C'est là que, contre toute attente, sa supplique fut enfin entendue.
Pauvre Bobby, il faut faire quelque chose !
Après de longs conciliabules, trop longs au goût de Bobby qui piaffait, on trouva enfin une solution.
Sur le tableau synoptique du Bureau des Mouvements des navires, le sous-marin Andromède était annoncé en partance.
Il devait appareiller le jour même pour faire route vers Casablanca afin de rejoindre le Blaison.
Chance inespérée pour Bobby qui fut immédiatement embarqué sur l’Andromède.
Là, Bobby fit connaissance de Domino, la mascotte officielle du sous-marin.
Voilà pourquoi j’ai dit tout à l’heure de ce sous-marin qu’il allait se retrouver avec deux chiens à son bord.
La chose était suffisamment exceptionnelle pour être consignée dans le livre de bord.
Pendant toute la traversée, les deux chiens cohabitèrent tant bien que mal et l'équipage ne releva aucun incident notoire.
Après quelques jours d’une navigation idéale sur une mer d'huile, le port de Casablanca fut annoncé et l'équipage appelé au poste de manœuvre.

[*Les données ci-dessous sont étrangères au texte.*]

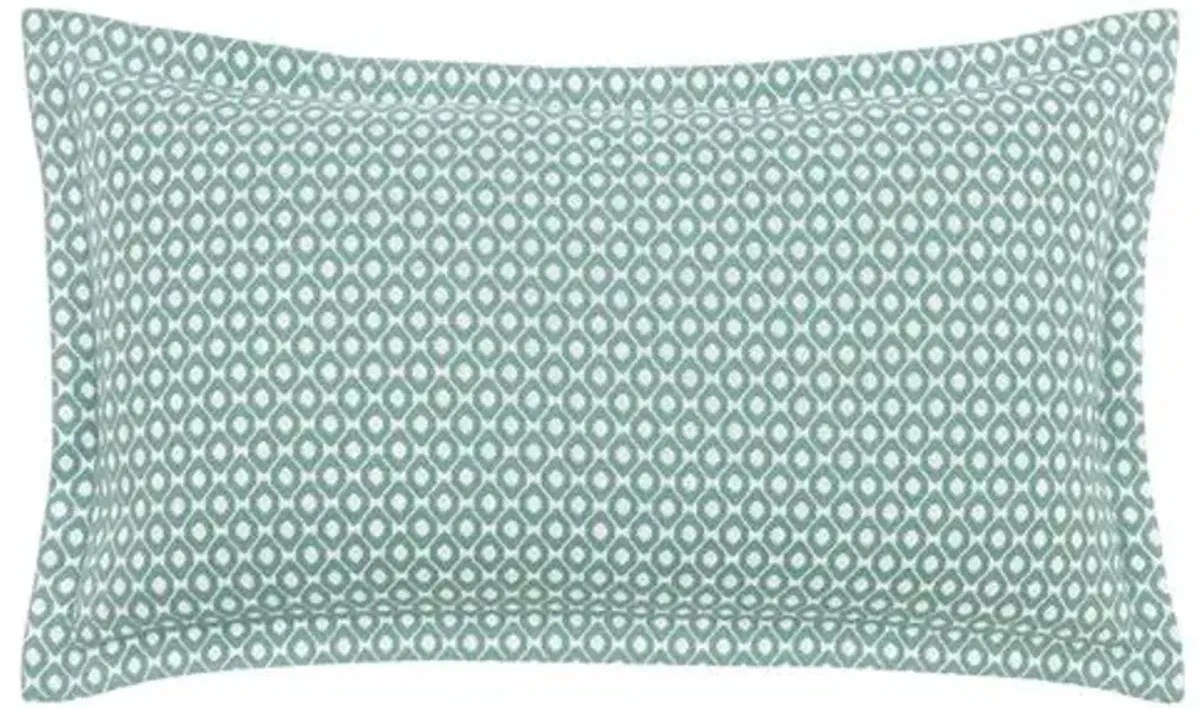 Calypso Birdseye Pattern Flange Lumbar Pillow - Aqua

Avec précaution, les deux chiens furent hissés sur le pont du sous-marin par l'échelle du panneau avant.
Au fur et à mesure que le bâtiment approchait de la jetée, Bobby pouvait maintenant l'apercevoir.
Son Blaison, il était là, amarré de l'arrière sur l'appontement Delure.
Quelques ordres, avant lent, encore quelques dizaines de mètres et les deux sous-marins seraient à contre.
De leur côté, sur le Blaison, les matelots de service accompagnaient des yeux l’Andromède qui n’était plus qu’à quelques dizaines de mètres.
Ils aperçurent aussi, allant et venant sur le pont, Bobby, leur chère mascotte.
Les mains en porte-voix, ils hurlèrent en sa direction :
Bobby ! Lâcheur !
Sa patience ayant des limites, cette fois le chien n'en pouvait plus.
Quel bonheur de revoir son bateau.
Il trottait nerveusement de long en large sur le pont, partagé entre le regret de sa fugue et la joie inespérée de revoir enfin ses amis.
Mais pourquoi donc les manœuvres d’accostage étaient-elles si longues ?
C’est alors que, n’y tenant plus, malgré le handicap de son arrière train et sa légendaire panique à l'idée de devoir se mettre à l’eau, Bobby se jeta à la mer et nagea courageusement pour rejoindre les hommes d'équipage de son cher sous-marin.
Pour l’avoir côtoyé, aucun marin n’oublia jamais Bobby.
Bobby eut une nombreuse descendance parmi laquelle Voyou qui fut mascotte à bord du dragueur côtier M685 Magnolia.
Plus tard, ce chien sera affecté sur le dragueur côtier M681 Laurier.